• [Your task]: Please give the records below again in full, exactly, with the images left out.

• [Task input]:
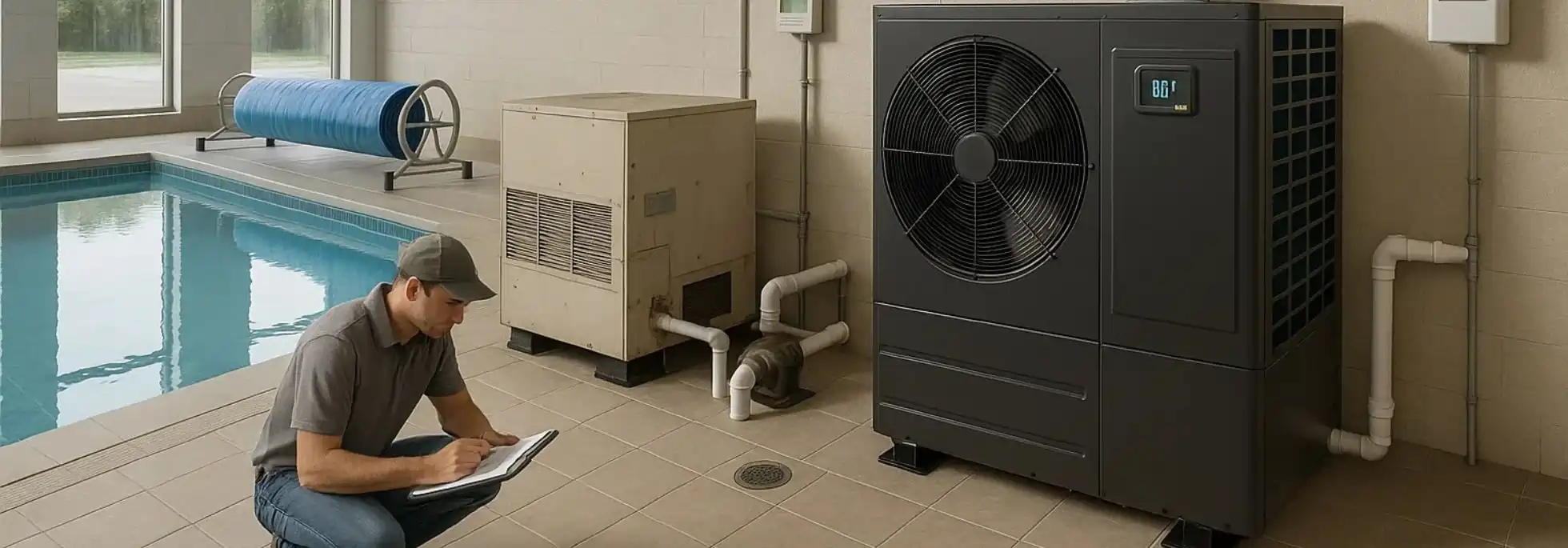  Swimming Pool Heater Service - HVAC Aylmer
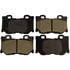 GX1347 by MONROE - ProSolution Ceramic Brake Pads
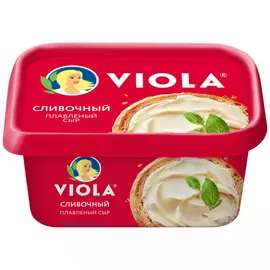 Сыр плавленый Viola Cливочный 50% 400 г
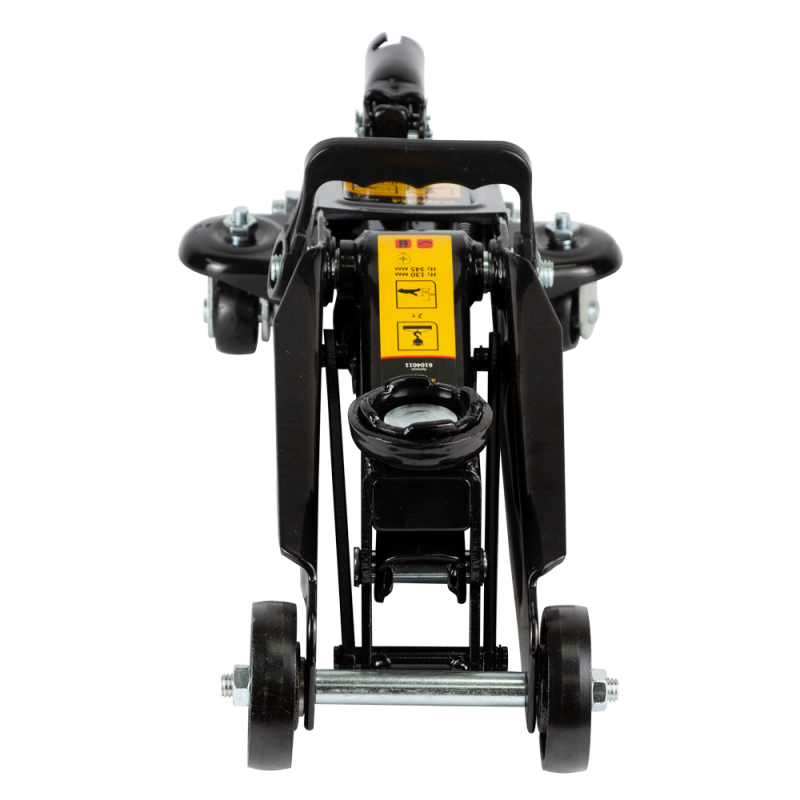 SIGMA Домкрат гидравлический подкатный 2т H 130-345мм (6104011)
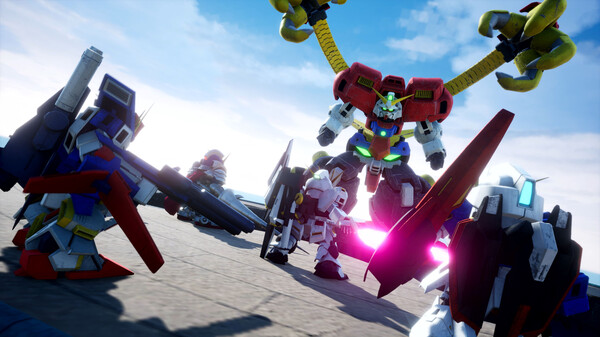 SD GUNDAM BATTLE ALLIANCE Unit and Scenario Pack 2: Knights of Moon & Light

• [Result of this exercise]:
  Swimming Pool Heater Service - HVAC Aylmer
 GX1347 by MONROE - ProSolution Ceramic Brake Pads
 Сыр плавленый Viola Cливочный 50% 400 г
 SIGMA Домкрат гидравлический подкатный 2т H 130-345мм (6104011)
 SD GUNDAM BATTLE ALLIANCE Unit and Scenario Pack 2: Knights of Moon & Light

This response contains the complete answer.